From Tension to Oneness
Talking about Antonius Kho is dealing with the theme of identity: are we one, or are we split in multiple facets? Are we masks, and do these masks hide, or reveal reality? Do we communicate are not?
These themes haunt the artist's career. We may look for an explanation in the artist's past. A Javanese by his mother, who transmitted him the longing for oneness inherent to her culture, Antonius Kho is a "Chinese" by his father, who stamped him as an alien: "orang Cina" (Chinese). Speaking in his strong Javanese dialect, inheriting this ethnic-cum-cultural duality, Antonius Kho turned it into a voluntary personality split: he grew adult, and an artist, by continuously generating and questioning, though new experience, new layers of identity.
The place, of all places, where he first pursued this search of the self was Germany: Germany, the fertile ground of European 19th humanism, and the land of 20th European horrors. It is the place of contrasts, where, more than anywhere else, being "alien" has the most daunting meaning. But Germany opened it self to him. After studies at the Cologne Institute of the art, he was soon active as a "German" artist exhibition internationally. The artistic mood of the country provided him with the tools he needed. When he arrived there in 1985, the genre known in Europe as "informal art" was flourishing, and artists such as Wols, Fautrier, Tapies and Dubuffet, were still considered as the avant-grade. The peculiarity of these "informal" artist was that they endeavoured to "essentialize" expressive power by reducing representation to its "archetypal" core. The real tropc was 'psychological'expression. Figuration, usually amorphous, was simply a pretext. This style was well suited to the expression of the societal pessimism that was so characteristic of post-WWII Europe, particularly Germany. Antonius Kho's manner evolved from this style, but with a difference. His paintings, instead of resting, on amorphous figuration, would mostly consist of figures, or faces (masks) structured in the manner of mosaics, that is split in small, mainly geometric elements and yet readable in their iconographic totality. The artist was in these works expressing the tension between fragmentation and unity that he was experiencing in his search for identity, as well as the tension between isolation around the self and communication with "others".
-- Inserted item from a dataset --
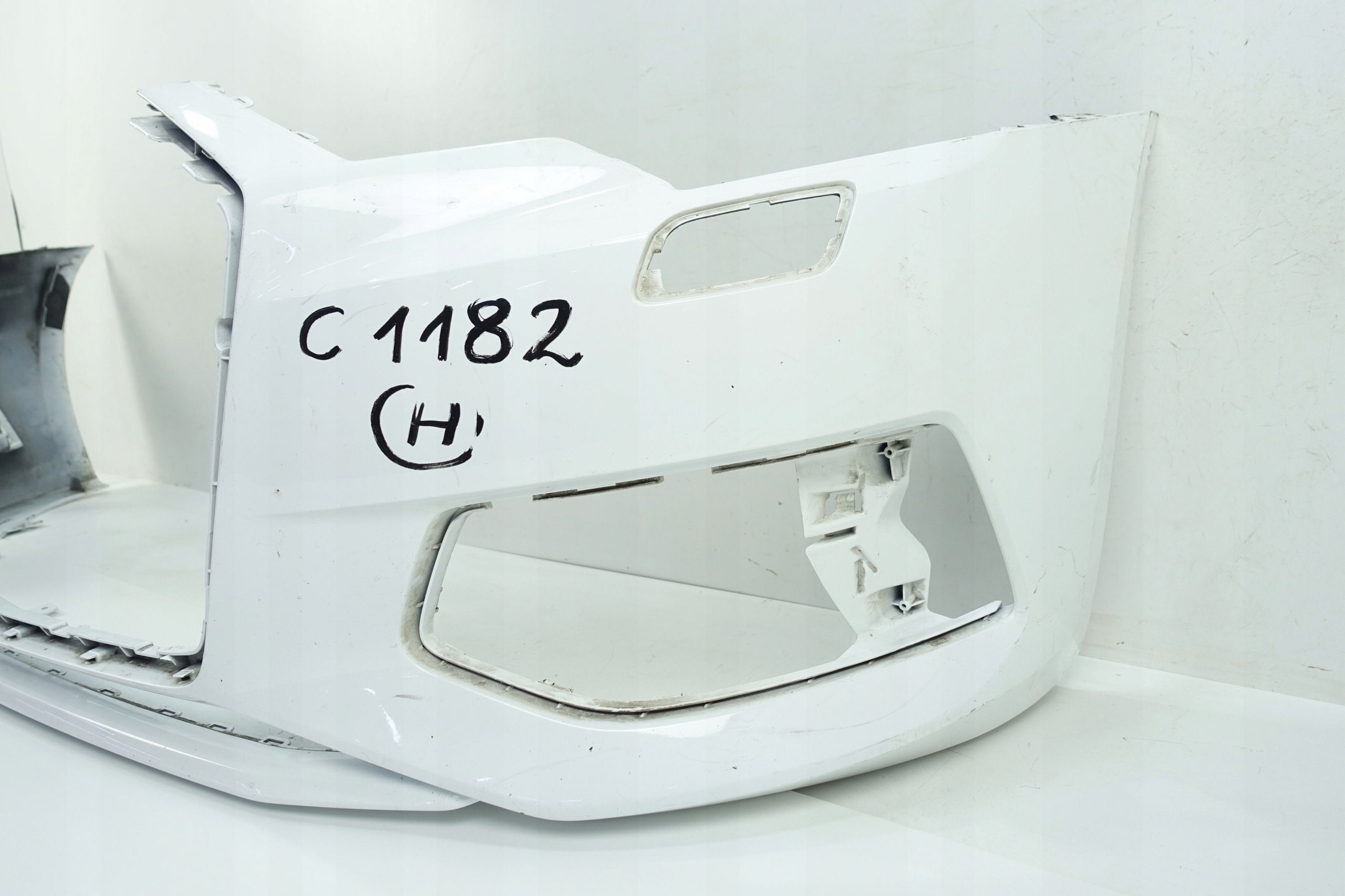 nárazník předek přední AUDI A6 C8 4K0 4K0807437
When he came back to Indonesia in 1998, Antonius Kho settled in Bali, a place where being "alien" was - until recently - a positive asset. At first, his manner didn't change much. It still raised questions leaden with a Pirandellic anxiety: "to which extent are we mono or multifaceted?" or with Sartrian negativism: "is communication possible?" Antonius, however, was somehow was too "awkward" in this technique, or too shy for his message to be totally convincing. Now. However, in the recent works, his themes and treatment are changing for the better. In some works, the masks and the mosaics are still present, but it is to convey a message of love, as in "Bercanda (Joking)" or simply to show the defeat of pessimism though the intercession a "Savior", like in "Wajah-wajah yang disalibkan" (the Faces of the Crucified). Yet still more promising is a whole series of small "Mandalas", in which the mosaical elements of Antonius' previous works are made to whirl in a kaleidoscopic construction of softly hued colors. Figuration all but disappears, except for "eyes", which denote the fusion of Man in the living cosmos. In these small, mixed media works on paper, Antonius Kho is overcoming the tensions that have haunted his search for identity. He seems to tell us that there is after all unity in Man, and that communication is not an impossible dream, because the mosaic of life and that of one's identity always ultimately melt into cosmic oneness. So this most "European" Indonesian artist is now rediscovering his real mother: Java; and his quest of identity leading him to a spiritual rediscovery. Antonius Kho has finally found his path toward maturity.
Jean Couteau "The Echo - Tourism, Art & Culture Magazine"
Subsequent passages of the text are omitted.